__YOUR GOAL__: Give every entry below again, exactly as written, and skip the images.

Records from a data collection
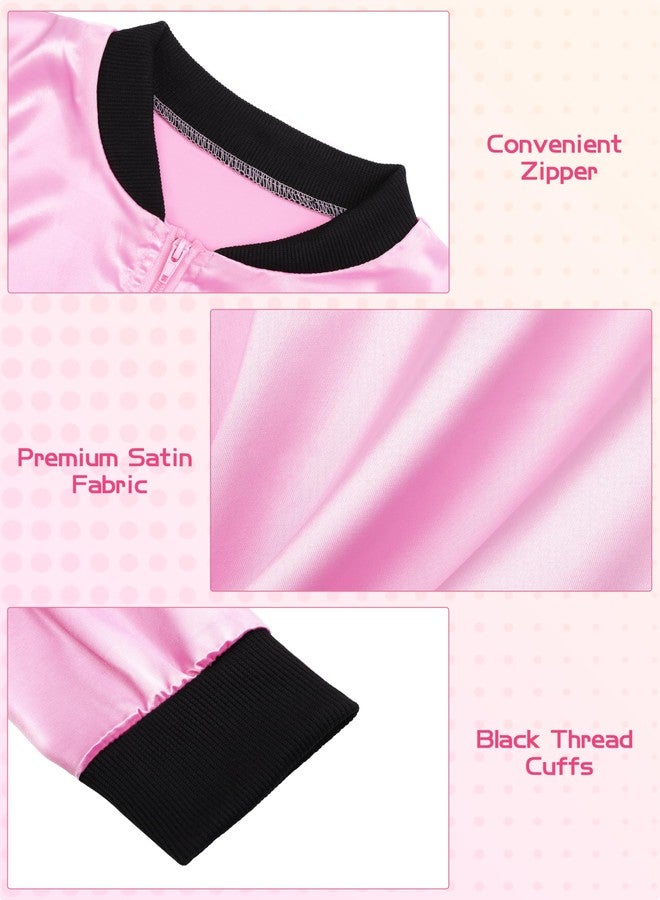 SOMSOC 1950s Pink Satin Jacket with Pant Polka Dot Scarf Headband Earrings and Cat Eye Glasses Halloween Cosplay Costume Set - Image 3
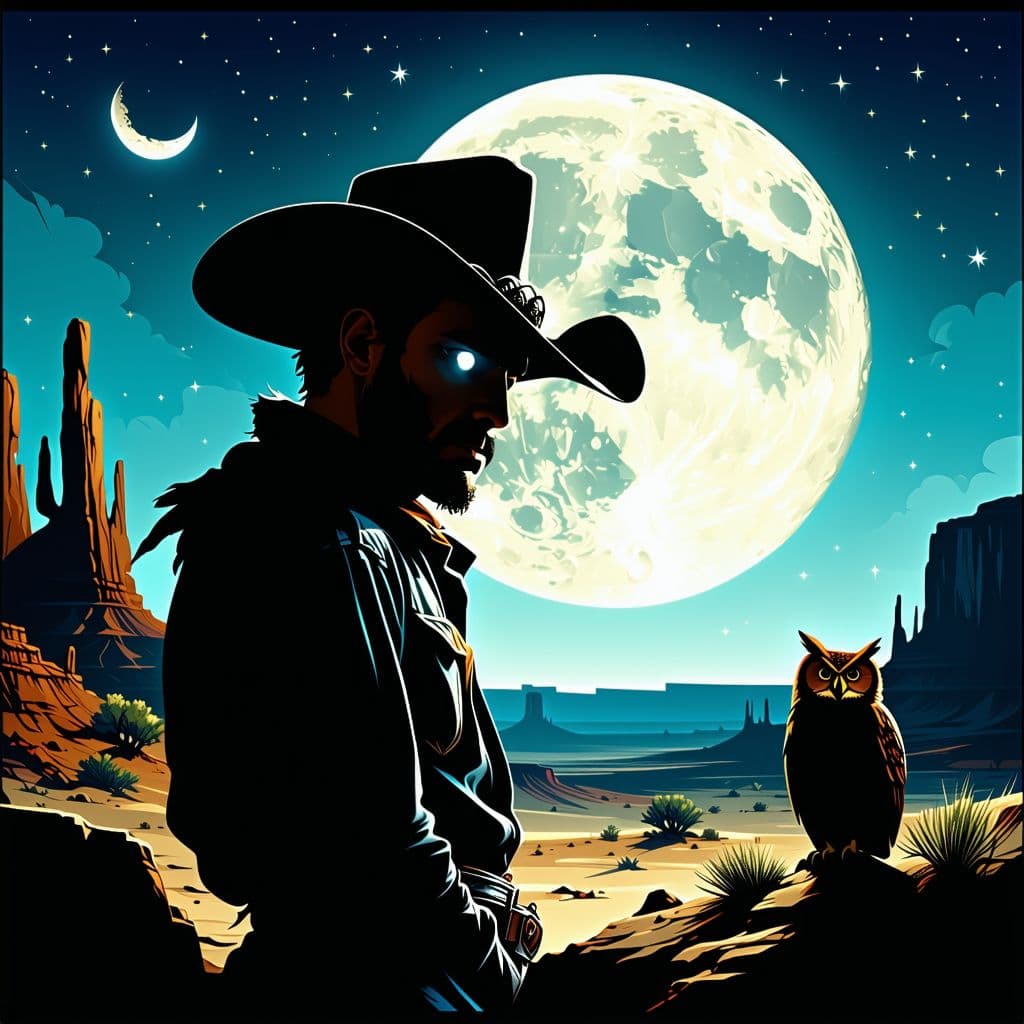 AI generated: moondrop lonesome cowboy, cartoon silhouette dark colors, left eye socket filled with smeared moonli...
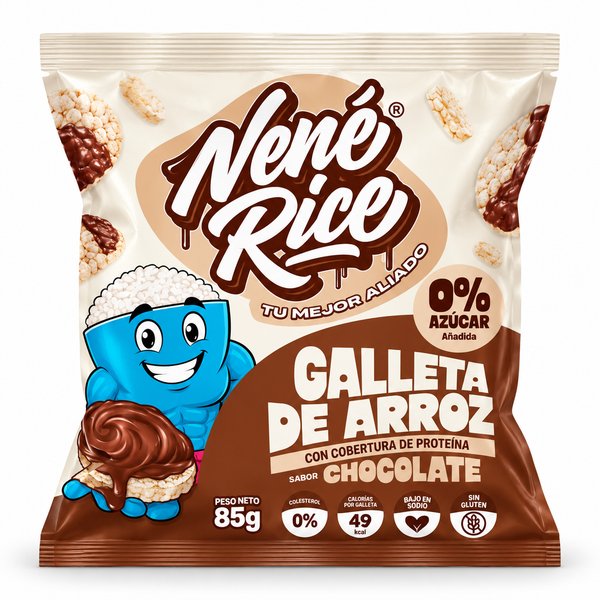 Nenė Rice – GALLETA DE ARROZ CON COBERTURA DE PROTEÍNA SABOR CHOCOLATE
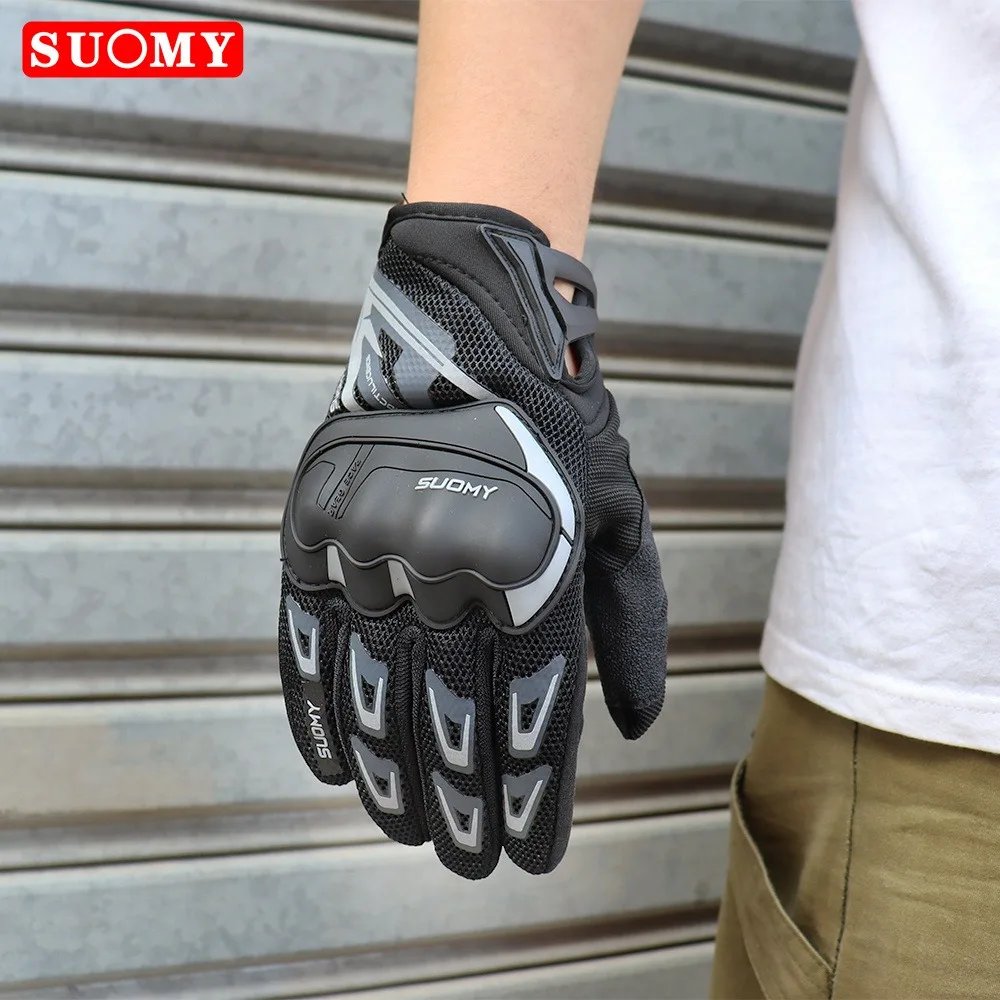 Suomy Motorcycle Gloves Touch Screen Breathable Racing Gloves Summer Mesh for Men Women Motard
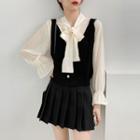 Set: Tie-neck Blouse + Knit Camisole Top
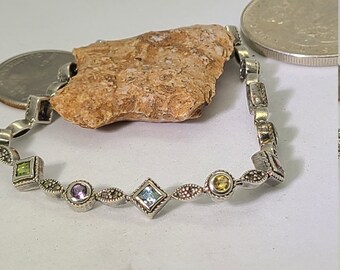 Sterling Silver Vintage Garnet, Yellow Topaz, Blue Topaz, & Peridot Bracelet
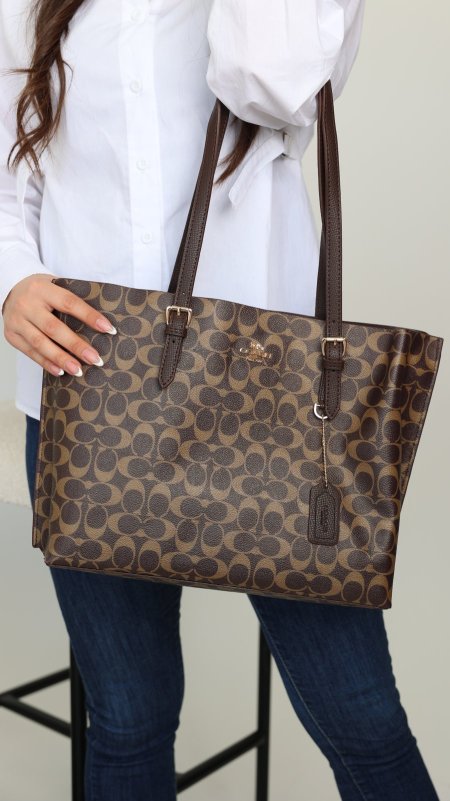 شنطة - Coach Tote Bag / حجم كبير - شعار بني غامق مع فاتح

__RESPONSE TO THE EXERCISE__:
 SOMSOC 1950s Pink Satin Jacket with Pant Polka Dot Scarf Headband Earrings and Cat Eye Glasses Halloween Cosplay Costume Set - Image 3
 AI generated: moondrop lonesome cowboy, cartoon silhouette dark colors, left eye socket filled with smeared moonli...
 Nenė Rice – GALLETA DE ARROZ CON COBERTURA DE PROTEÍNA SABOR CHOCOLATE
 Suomy Motorcycle Gloves Touch Screen Breathable Racing Gloves Summer Mesh for Men Women Motard
 Set: Tie-neck Blouse + Knit Camisole Top
 Sterling Silver Vintage Garnet, Yellow Topaz, Blue Topaz, & Peridot Bracelet
 شنطة - Coach Tote Bag / حجم كبير - شعار بني غامق مع فاتح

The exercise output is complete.